Le kaposiforme hémangioendothéliome (KHE) est un néoplasme vasculaire rare, localement agressif mais sans potentiel métastatique. Il se produit surtout dans la peau, les tissus mous profonds, le rétropéritoine, le médiastin et rarement dans les os.

Bien que les lésions se produisent solitaires, elles touchent souvent de grandes parties du corps, comme la région tête/col (40%), le tronc (30%) ou les extrémités (30%).

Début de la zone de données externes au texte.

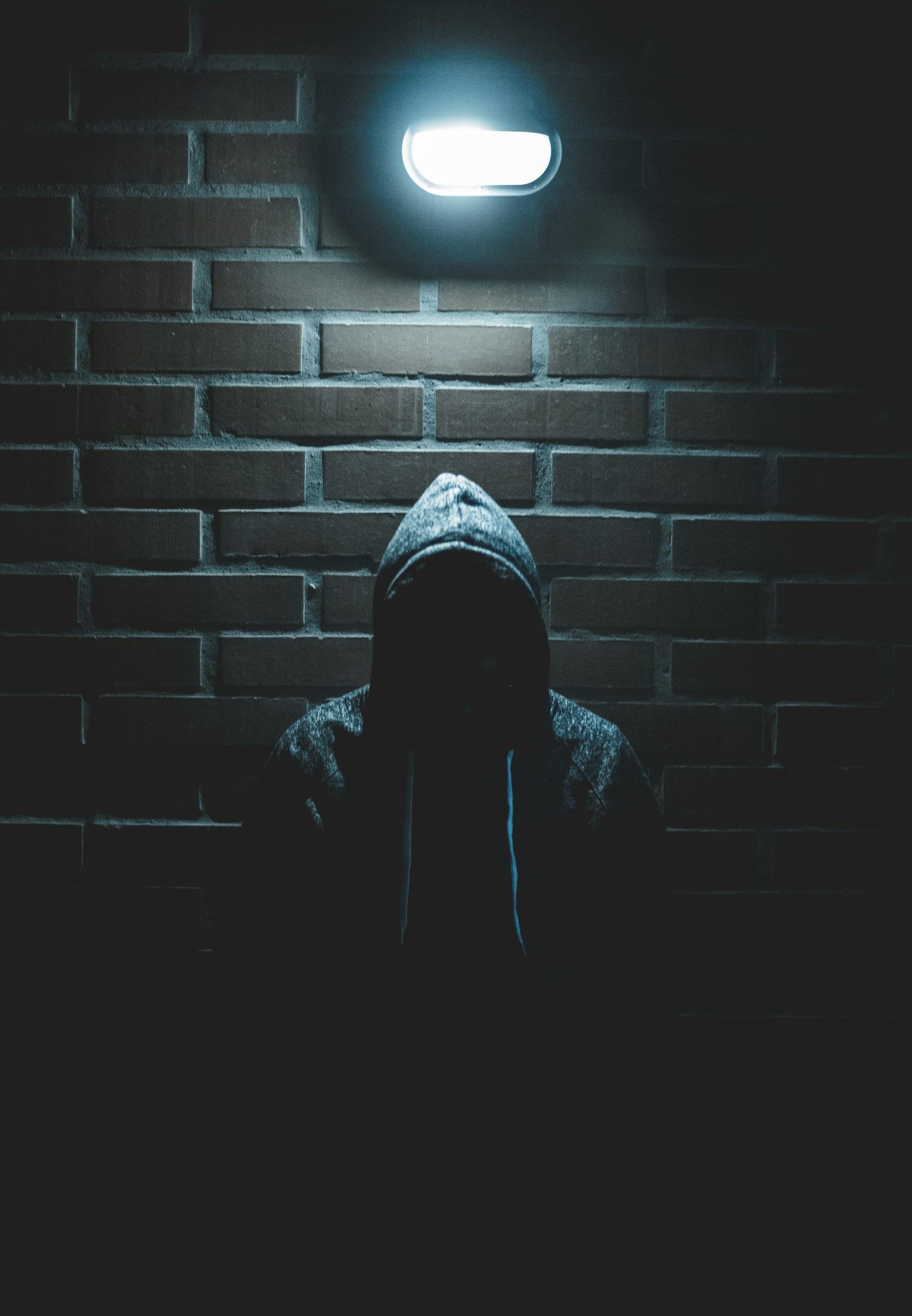 Man standing in a dark hallway wearing a hoodie - wornbee.com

Habituellement, il est présent à la naissance sous forme de lésion plate, rouge pourpre, tendue et œdémateuse. Bien que la moitié des lésions soient congénitales, 58 % de l’ECS se développe pendant la petite enfance, 32 % entre 1 et 10 ans (32 %) et 10 % après 11 ans. De plus, l’apparition chez l’adulte a également été décrite, surtout chez les hommes.

Les deux sexes sont touchés également chez les enfants. Les lésions ont souvent un diamètre supérieur à 5 cm et peuvent causer des déformations visibles et de la douleur. Pendant la petite enfance, le kaposiforme hémangioendothéliome peut s’agrandir et, après 2 ans, il peut régresser partiellement, bien qu’il persiste généralement à long terme. En outre, 50% des patients souffrent de coagulopathie due à une thrombocytopénie (<25,000/mm3), présentant des pétéchies et des saignements. C’est ce qu’on appelle le phénomène Kasabach-Merritt, qui est causé par le piégeage des plaquettes et d’autres facteurs de coagulation dans la tumeur.

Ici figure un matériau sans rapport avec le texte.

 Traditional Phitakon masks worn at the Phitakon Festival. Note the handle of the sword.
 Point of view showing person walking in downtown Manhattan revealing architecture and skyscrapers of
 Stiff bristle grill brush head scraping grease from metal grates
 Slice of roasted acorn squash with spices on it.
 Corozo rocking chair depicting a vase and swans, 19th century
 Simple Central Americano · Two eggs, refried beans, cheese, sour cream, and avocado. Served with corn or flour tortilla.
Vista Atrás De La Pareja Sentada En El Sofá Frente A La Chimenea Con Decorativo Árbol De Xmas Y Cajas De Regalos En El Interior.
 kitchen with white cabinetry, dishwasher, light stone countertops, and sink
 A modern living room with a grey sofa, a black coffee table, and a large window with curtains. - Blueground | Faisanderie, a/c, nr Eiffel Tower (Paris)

Kasabach-Merritt Phenomenon est moins probable chez les patients présentant des lésions de moins de 8 cm. Comme les deux tiers des tumeurs kaposiforme hémangioendothéliome à l’adulte mesurent moins de 2 cm, le kaposiforme hémangioendothéliome chez l’adulte est rarement associé au phénomène Kasabach-Merritt.

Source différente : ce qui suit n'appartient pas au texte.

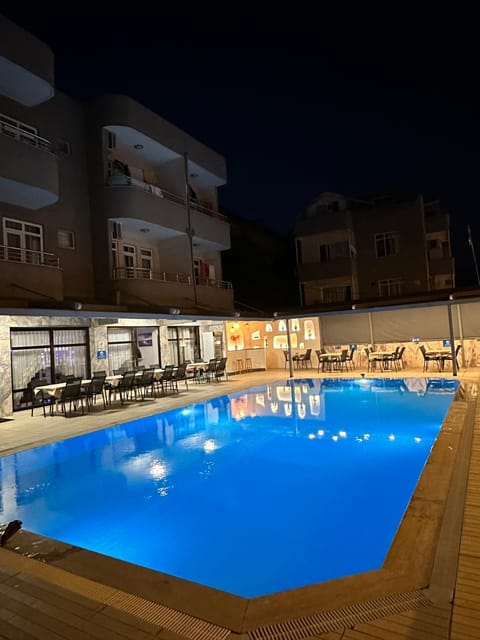 Property building, Night, Pool view, Swimming pool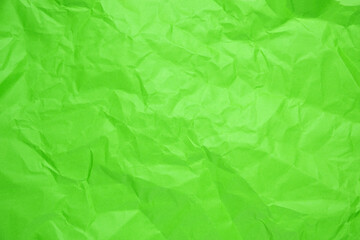 Close up of green crumpled empty sheet of paper.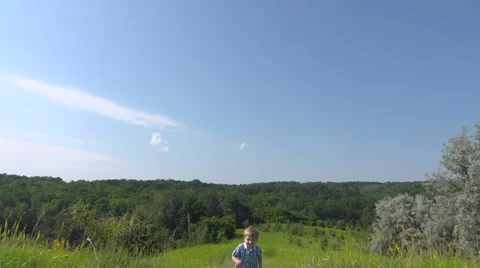 Boy running up the hill Stock-Footage 64709375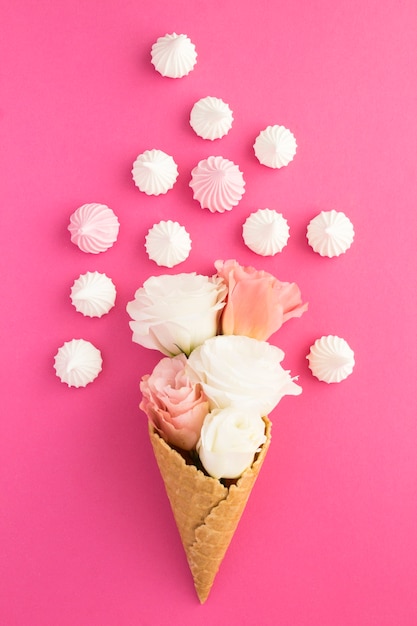 Ice cream cone with flowers and meringue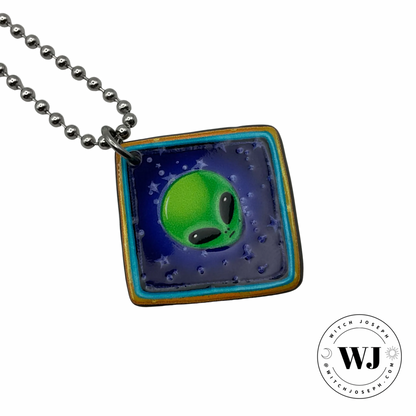 The Witch Joseph Alien face charm necklace on a silver tone ball chain displayed against a white background with the Witch Joseph logo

La plupart des tumeurs de KHE sont diffuses, impliquant plusieurs plans tissulaires et des structures importantes. La résection de l’ECS est donc souvent difficile. Le traitement de l’hémangioendothéliome kaposiforme est donc médical. Le médicament principal est l’interféron alfa, qui est efficace chez 50 % des enfants.Une autre option est la vincristine, qui a beaucoup d’effets secondaires, mais dont le taux de réponse est de 90 %. La pharmacothérapie est souvent utilisée pour réduire la tumeur et traiter la coagulopathie.

Cependant, beaucoup de ces hémangio-endothéliomes kaposiformes ne régressent pas complètement et restent une tumeur asymptomatique beaucoup plus petite. Toutefois, le taux de mortalité de kaposiforme hémangioendothéliome est toujours élevé (30%). Bien que l’ablation chirurgicale complète a le meilleur résultat rapporté, il n’est généralement pas fait en raison du risque de saignement, l’extensibilité, et le site anatomique de la lésion. La prise en charge opératoire peut être possible pour les petites lésions ou les lésions localisées. L’ablation de zones plus étendues peut également être indiquée chez les patients symptomatiques ou chez ceux qui n’ont pas réussi leur traitement d’agronomie. La résection n’est pas nécessaire pour les lésions qui ne causent pas de problèmes fonctionnels, parce que le kaposiforme hémangioendothéliome est bénigne et parce que la résection peut causer une difformité.